Table 7. Comparison of the proposed square-wave generator with previously reported generators.

Ref	[50]	[51]	[52]	[53]	[54]	[55]	Proposed
ABB	CCII	FTFN	ZC-CG-VDCC	CCCII	MO-CFDITA	CA	VCII
Num. of ABB	1	1	1	1	1	1	1
Passive elem.	3R, 1C	2R, 1C	2R, 1C	2R, 1C	1C	-	2R, 1C
Max Op. Freq.	50 MHz	5 MHz	4.385 MHz	4.99 MHz	50 MHz	7 MHz	10 MHz
Number of transistors	17	23	52	13	21	33	35
Area [μm2]	-	-	-	-	-	50,000	1250
Power supply	±0.75 V	±1.65 V	±1.0 V	±1.0 V	±1.25 V	±0.75 V	±0.9 V
Power dissip.	0.750 mW	2.81 mW	6.28 mW	0.6 mW	1.45 mW	11 μW	0.19 mW
FOM [kHz/μW]	66.7	1.78	0.70	8.32	34.5	636.36	52.6

FTFN, four-terminal floating nullor; ZC-CG-VDCC, Z-copy controlled gain voltage differencing current conveyor; CCCII, current controlled current conveyor; MO-CFDITA, multiple-output current follower differential input transconductance amplifier; CA, current amplifier.

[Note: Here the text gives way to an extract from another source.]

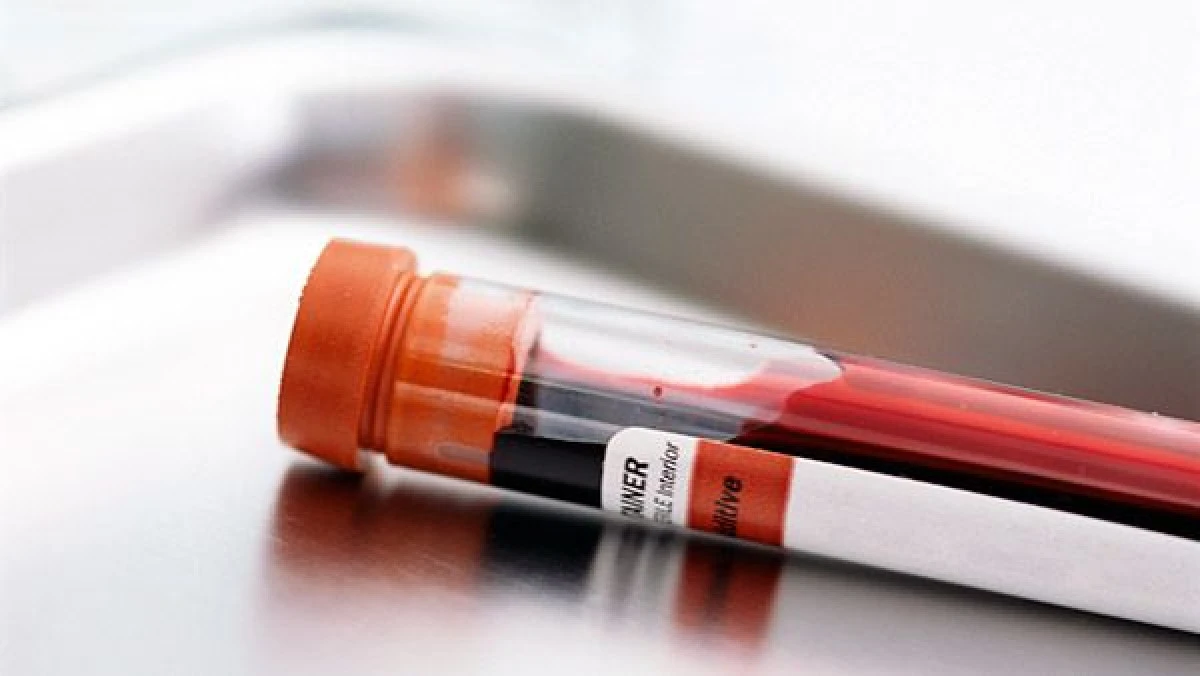 UN TRATAMENT EXPERIMENTAL A VINDECAT COMPLET UN PACIENT INFECTAT CU HIV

gives comparative characteristics of individual square-wave generators. From many previously published works, designs by integrated oscillators and a similar achieved oscillation frequency were selected.

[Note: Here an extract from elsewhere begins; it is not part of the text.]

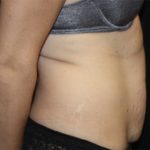 Tummy Tuck Before & After Patient #22489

For comparison, the figure of merit (FOM) of the oscillator was used as the ratio of the maximum oscillation frequency to the power dissipation. The oscillator in [50] has a higher FOM than the proposed oscillator. Although it is simpler to implement and has fewer transistors, the square wave generator in [50] requires three resistors and one capacitor. The output has a high output impedance, so an additional buffer is required. In [51], the oscillator has a low output resistance, significantly higher power consumption, and a significantly lower FOM. The generator in [52] provides square wave outputs in the form of voltage and current that can also be used to output a differential square wave. It can electronically control the frequency, and due to the higher power consumption, this one also has a lower FOM than the proposed one. In [53], an oscillator with a CCCII is used. Although the circuit is simple, it has a relatively high power consumption and an output with high output resistance. Reference [54] shows a generator consisting of one MO-CFDITA and only one grounded capacitor, making the proposed generator circuit suitable for implementation in an integrated circuit. Although it has a high oscillation frequency, this generator provides an output square wave in the current mode. Of all the oscillators in Table 7, the circuit [55] has the highest FOM, but also has a current output and large die area, which is a consequence of implementing passive components in the chip. The circuits in [51,53] have a layout, but the area information is missing.

By comparing the proposed square wave oscillator with the results from previously published papers in Table 7, it can be concluded that this oscillator has a relatively high FOM, but also a great advantage in a small output impedance.

4. Conclusions

A CMOS rail-to-rail $VCI{I}^{-}$ is designed with a power consumption of 157 μW, and a current and voltage buffer bandwidth of 298.3 MHz and 173.2 MHz, respectively. With a rail-to-rail 1 MHz sinusoidal excitation, total harmonic distortions in the voltage buffer are 0.29%. Distortions in the current buffer $VCI{I}^{-}$ at a current amplitude of 200 μA are 1.19%, while in $VCI{I}^{+}$, similar distortions are obtained at 10-fold higher currents. The dynamic characteristics of $VCI{I}^{-}$ were tested in a relaxation oscillator. Due to the wide bandwidth of the current and voltage buffer and a high slew rate, it was shown that a low-power relaxation oscillator with a frequency of up to 10 MHz and good stability can be made. The application of the realized rail-to-rail $VCII$ in our further research will focus on low-voltage, low-power energy harvesting applications. Future research will aim to improve the linearity of the low-power current buffer using feedforward and feedback techniques. Since the proposed VCIIs have good driving capabilities, they can drive switching transistors in high-frequency soft-switching DC-DC and switched capacitor converters [38,56].